Dalam ayat pertama ini Allah ﷻ menyebutkan “wahai orang-orang yang beriman” dan ayat ini turun untuk menegur Hatib bin Abi Balta’ah karena dia telah melakukan dosa besar akan tetapi Allah ﷻ masih menamakannya sebagai orang yang beriman, dan Hatib bahagia dengan teguran ini karena Allah ﷻ masih menamakannya sebagai orang yang beriman. ([9])
Kemudian firman Allah ﷻ,
لَا تَتَّخِذُوا عَدُوِّي وَعَدُوَّكُمْ أَوْلِيَاءَ تُلْقُونَ إِلَيْهِمْ بِالْمَوَدَّةِ
“Janganlah kalian menjadikan musuh-Ku dan musuh kalian sebagai teman-teman setia”
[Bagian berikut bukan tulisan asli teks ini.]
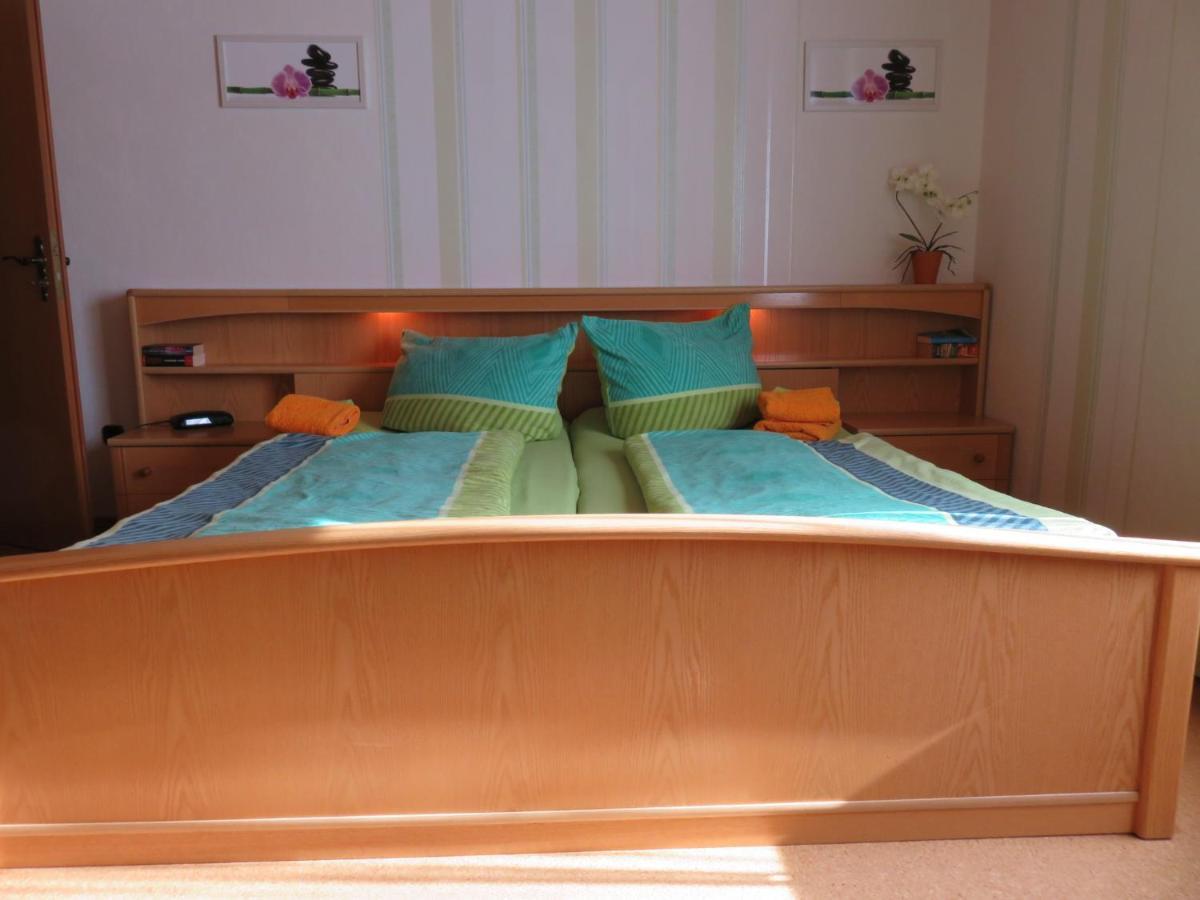 Apartamento Traumblick Am Bartelsborn Kleinern Exterior foto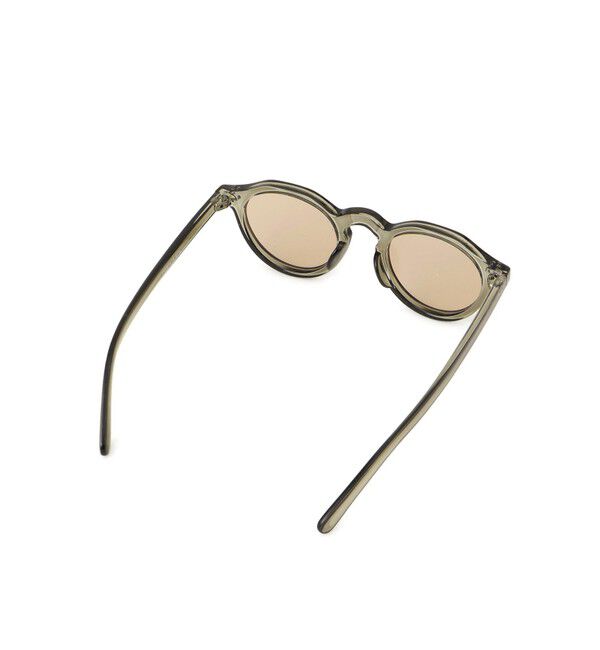 ADAM ET ROPE'「【WEB限定】クラウンパントフラットカラーサングラス」|サングラス|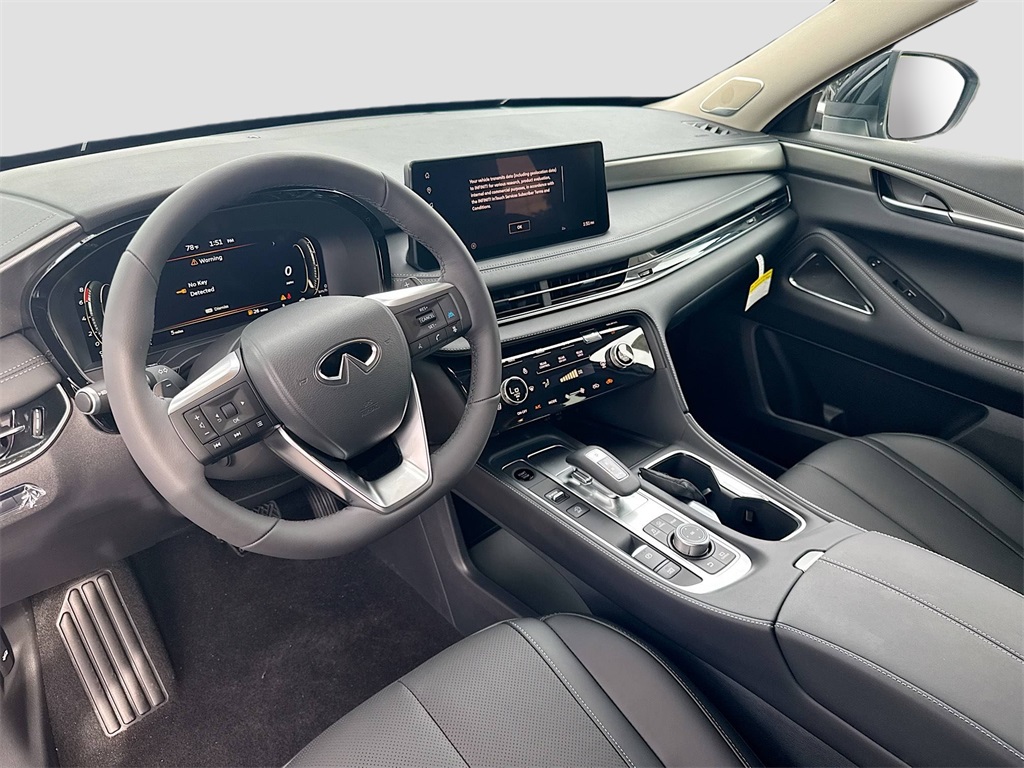 2026 Infiniti QX60 Luxe photo 21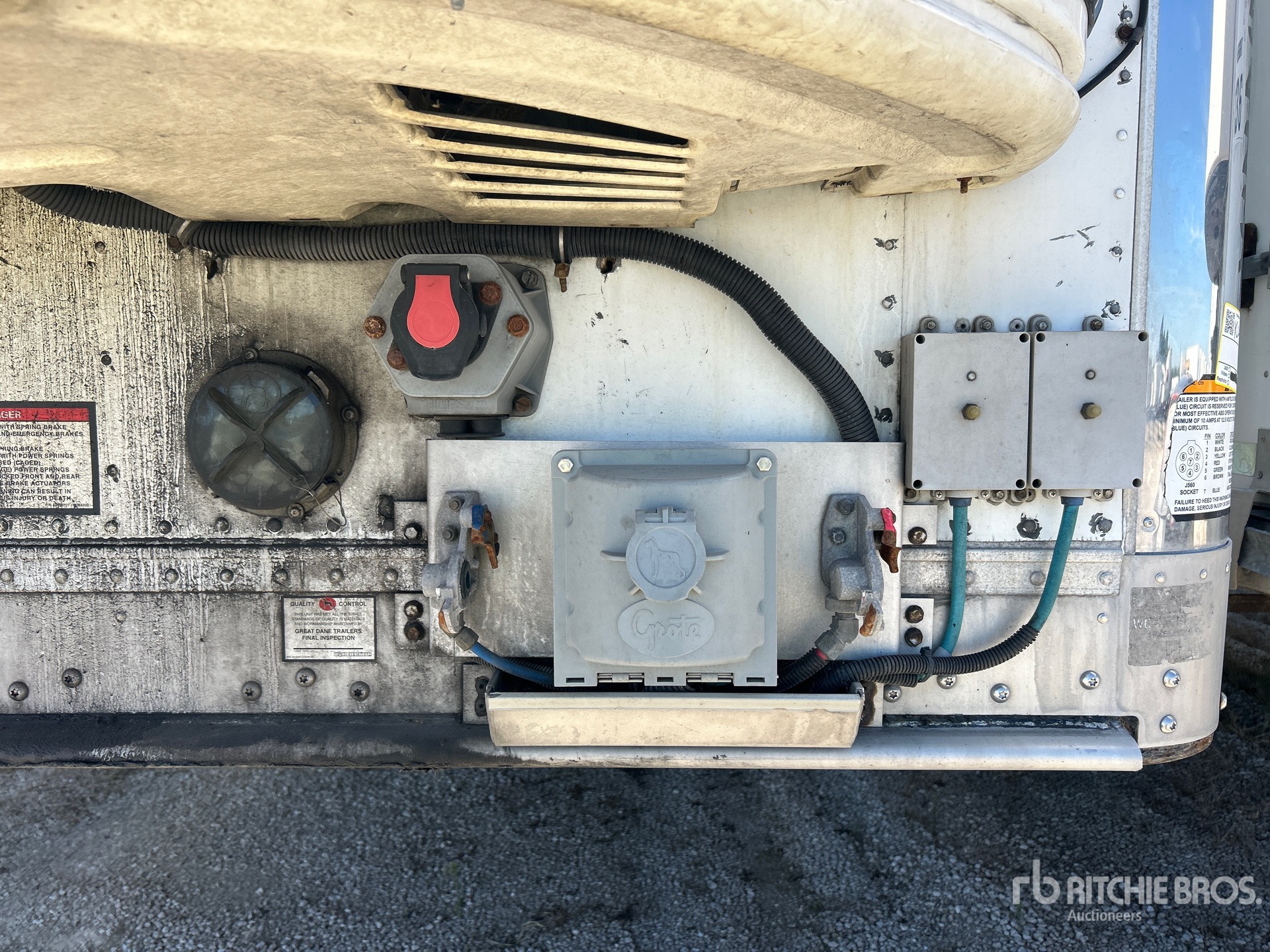 2019 Great Dane ECM-1114-12148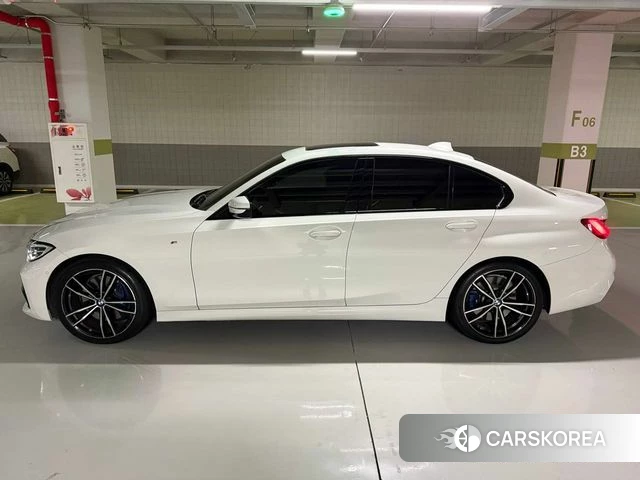 BMW 3 Series (G20) id 4345156 из Кореи 15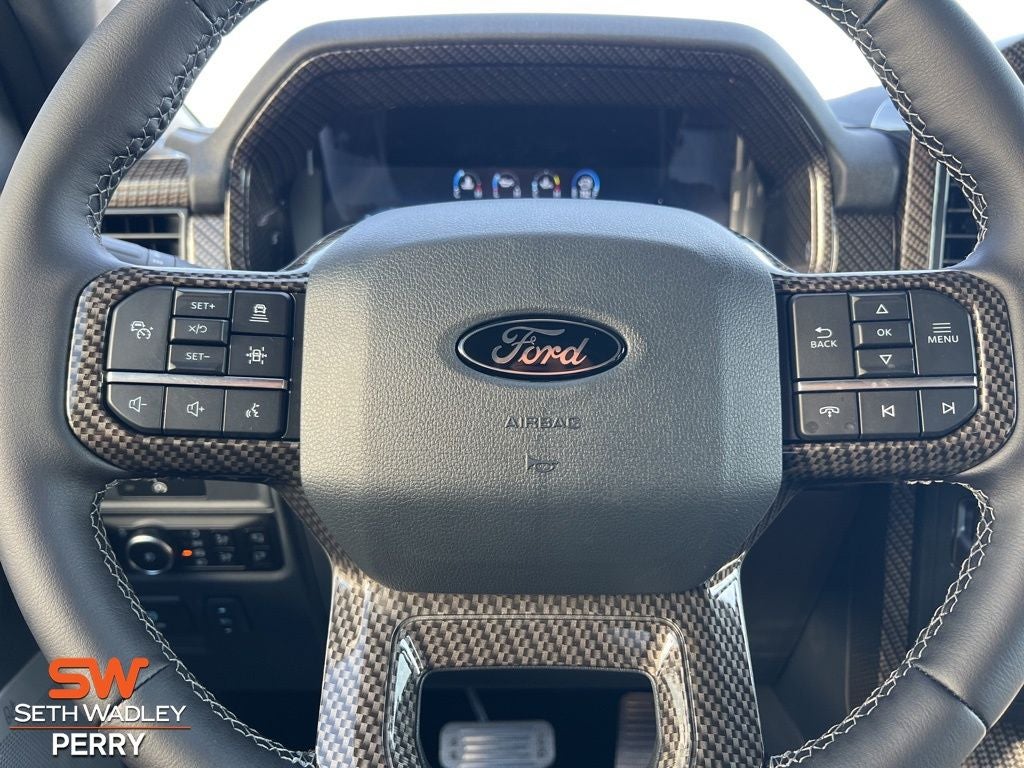 2025 Ford F-150 Shelby Super Snake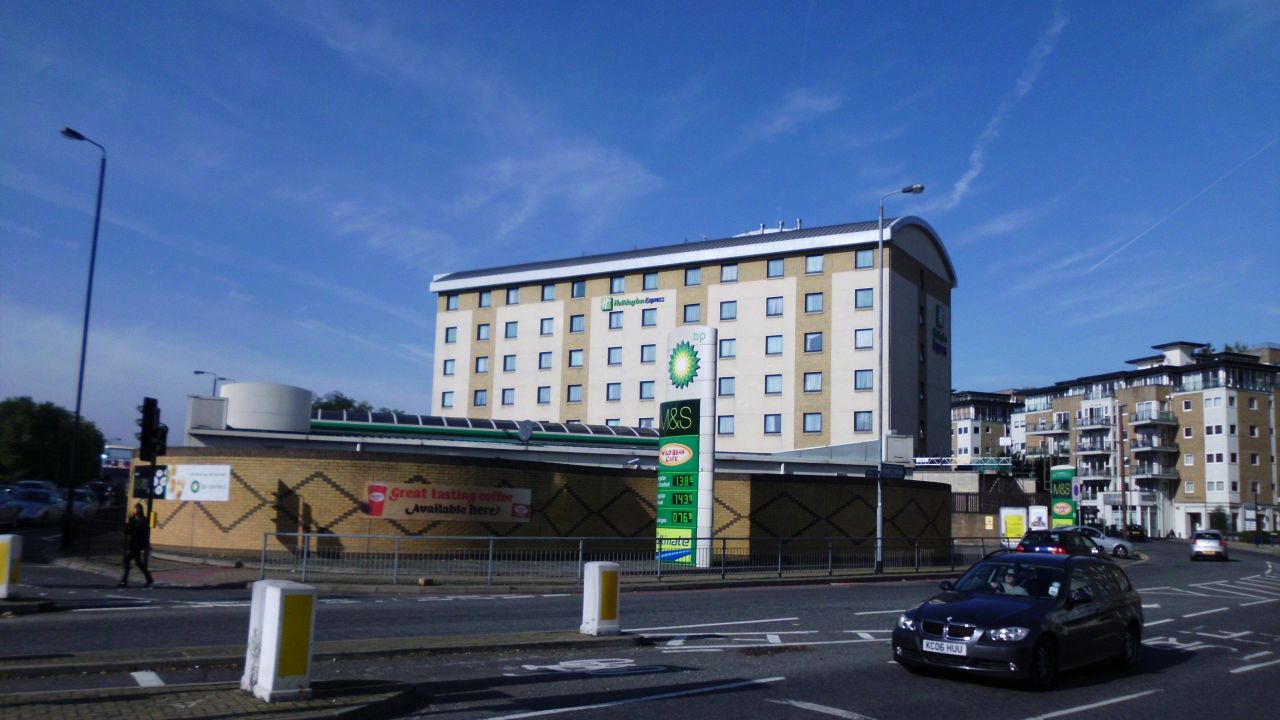 Holiday Inn Express Wandsworth Hotel-Mai 2024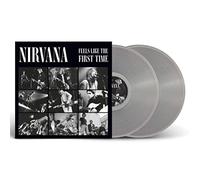 Nirvana - Feels like first time [Vinilo]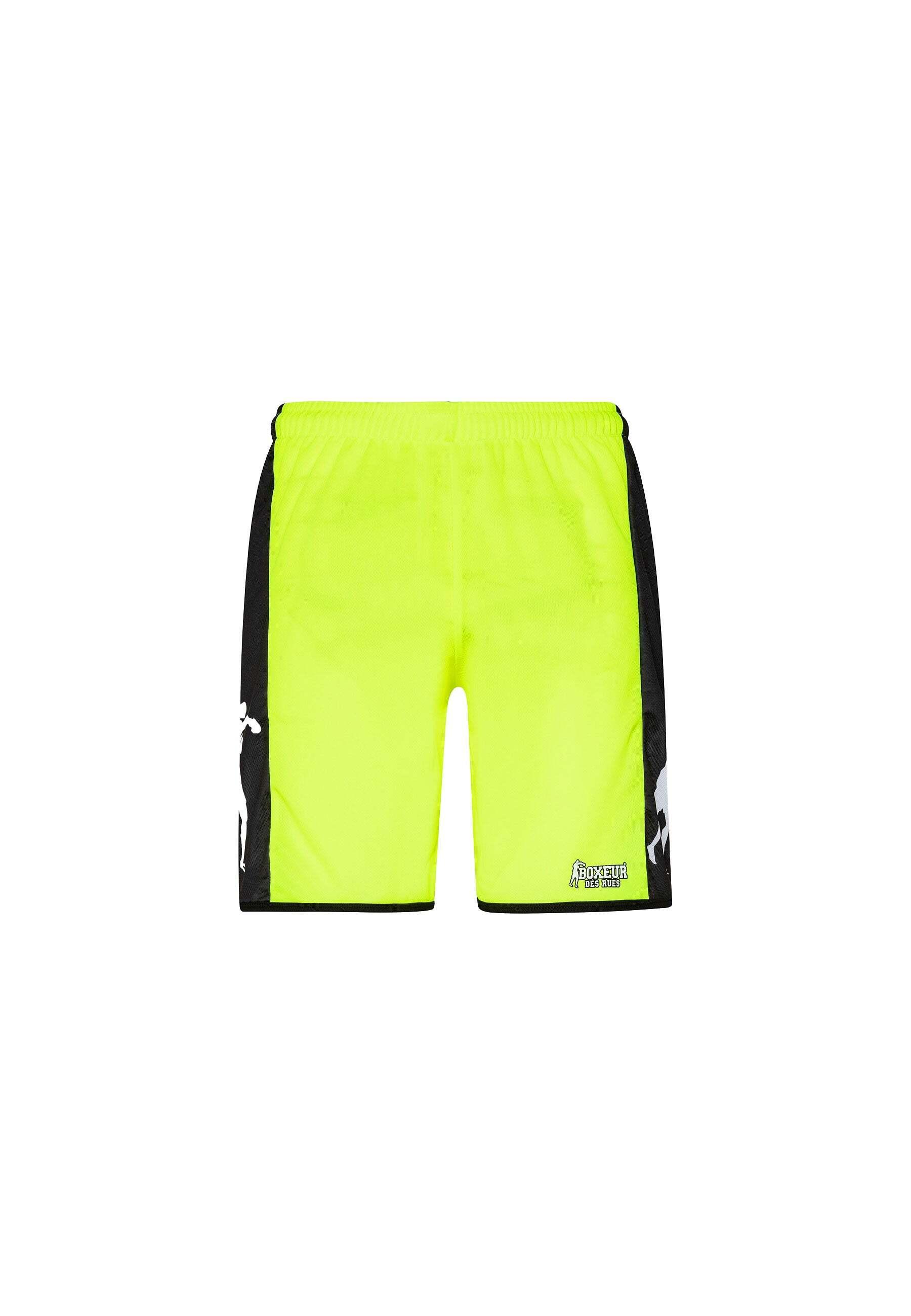 BOXEUR DES RUES  Sweatshorts Soccer Basic Shorts 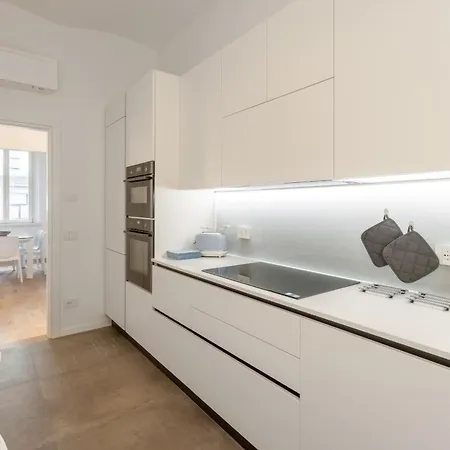 Appartement Charme Via De' Fogliani *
Tidak pantas orang-orang yang beriman kepada Allah ﷻ membantu orang-orang yang kafir kepada Allah ﷻ, bukan sekedar kafir akan tapi musuh-musuh Allah ﷻ, bahkan mereka juga musuh-musuh kalian. Dan dalam ayat ini juga Allah ﷻ menegur orang-orang beriman untuk menjadikan musuh-musuh Allah dan musuh-musuh orang-orang yang beriman sebagai teman dekat dengan memberikan berita-berita kepada mereka karena rasa cinta kepada mereka. Sebagian Ulama seperti Thahir bin ‘Asyur mengatakan تُلْقُونَ berasal dari kata الْإِلْقَاءُ yaitu melempar, maksudnya isyarat bahwasanya jangan kalian melempar berita kepada orang-orang kafir musuh-musuh Allah ﷻ yang kalian tidak renungkan apa dampak buruk seandainya kabar tersebut diketahui oleh mereka([10]), oleh karenanya Allah ﷻ menggunakan istilah تُلْقُونَ (melemparkan) yaitu mereka mengucapkan, mengutarakan, atau menulis tanpa direnungkan terlebih dahulu dampak akibat yang buruk, yang hal tersebut hanya dilakukan sekedar karena rasa cinta kepada mereka.
Kemudian firman Allah ﷻ,
وَقَدْ كَفَرُوا بِمَا جَاءَكُمْ مِنَ الْحَقِّ يُخْرِجُونَ الرَّسُولَ وَإِيَّاكُمْ
“padahal mereka telah ingkar kepada kebenaran yang disampaikan kepada kalian. Mereka mengusir Rasul dan kalian”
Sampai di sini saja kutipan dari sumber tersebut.